Is their a child arrangement order in place? I am pretty sure she cannot stop you seeing them because of this. You may just have to put her mind at ease and tell her you will only have your child at your house and you will not take him to crowded areas?
I have not had it confirmed yet, but I think my ex is going to do the same thing to me. She is still allowing her parents to look after them (they are well in to their 70's) and I dont feel as though they should be looking after them as they both have under lying medical conditions too. I think this virus is going to upset a lot of people.
If there are no symptoms then contact should go ahead as per the court order. I would give your ex some comfort and confirm that you will be taking precuationary measures to protect the children (i.e. away from gatherings etc...)
The issue is that too many of the ex partners will be seeing this as a golden opportunity to obstruct contact and given the recent govenment guidance, I cannot see the courts entertaining any enforcement applications at this stage with a great deal of urgency. The time requires us just to try and remain amicable with the other parent.

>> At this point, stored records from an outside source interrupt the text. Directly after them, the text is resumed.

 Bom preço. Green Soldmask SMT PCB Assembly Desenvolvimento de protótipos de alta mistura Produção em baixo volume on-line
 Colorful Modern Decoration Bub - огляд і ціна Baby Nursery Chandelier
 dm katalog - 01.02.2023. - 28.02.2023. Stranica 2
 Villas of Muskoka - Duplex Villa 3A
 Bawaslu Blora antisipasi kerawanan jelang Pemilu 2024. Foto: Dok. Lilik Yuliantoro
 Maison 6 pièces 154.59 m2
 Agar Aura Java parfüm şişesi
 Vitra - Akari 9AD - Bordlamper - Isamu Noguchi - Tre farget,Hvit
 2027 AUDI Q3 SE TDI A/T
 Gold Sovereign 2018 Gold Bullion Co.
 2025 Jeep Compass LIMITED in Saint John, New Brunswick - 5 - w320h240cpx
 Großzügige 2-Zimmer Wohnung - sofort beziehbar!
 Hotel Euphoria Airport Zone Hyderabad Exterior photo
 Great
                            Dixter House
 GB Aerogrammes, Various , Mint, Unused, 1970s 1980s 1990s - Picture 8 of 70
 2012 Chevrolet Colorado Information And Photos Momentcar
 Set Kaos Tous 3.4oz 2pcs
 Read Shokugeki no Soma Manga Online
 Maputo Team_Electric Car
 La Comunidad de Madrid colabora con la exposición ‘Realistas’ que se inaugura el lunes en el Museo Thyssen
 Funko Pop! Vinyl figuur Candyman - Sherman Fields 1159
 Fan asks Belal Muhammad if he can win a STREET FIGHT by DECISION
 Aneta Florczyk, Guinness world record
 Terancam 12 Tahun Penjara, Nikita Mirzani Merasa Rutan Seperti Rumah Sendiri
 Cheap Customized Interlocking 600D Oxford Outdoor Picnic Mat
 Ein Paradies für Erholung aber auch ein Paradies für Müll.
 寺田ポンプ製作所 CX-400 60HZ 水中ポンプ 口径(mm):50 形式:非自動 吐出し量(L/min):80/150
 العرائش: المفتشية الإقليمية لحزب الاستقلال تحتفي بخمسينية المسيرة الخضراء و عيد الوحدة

tell your ex that you will just keep your son indoors at your place. if she still refuses, you could contact your local social services and ask them to have a word with her about it. may sound silly, but in the past i had to contact them because ex was not letting me see the kids. they were helpful and spoke to her. they should be able to give good guidance. you could also ask her to speak to her GP for advice on this.
I definitely think that many non resident parent's will be facing the same issue, and it is a shame.
My personal opinion is that contact should not be stopped unless the child or anyone in the household of the child is experiences symptoms in which case they should self isolate for 14 days and contact should resume after (given that the non reaidents household does not start or experience symptoms).
I don't think collecting your child or having your child dropped off using private transport i.e a personal vehicle should be an issue. I would not classified it as non essential as it is safe to do so and it is essential and in the child's interest to have contact with both parents.
The issue with leaving contact until the breakout is over is that no one knows how long this is actually going to be going on for, so refusing contact with the child for that amount of time cannot be in their best interest and will be a backwards step for a lot of non resident parents having to 'rebuild' their relationship with their child.
Obviously reassure the other parent that you will be taking precautions, and having the child's well-being as priority meaning you will not be taking them out for non essential travel.
Can she do this? Matter of opinion but I don't think it would stand if all health and safety factors were considered and it's deemed safe to have contact especially within the government guidelines.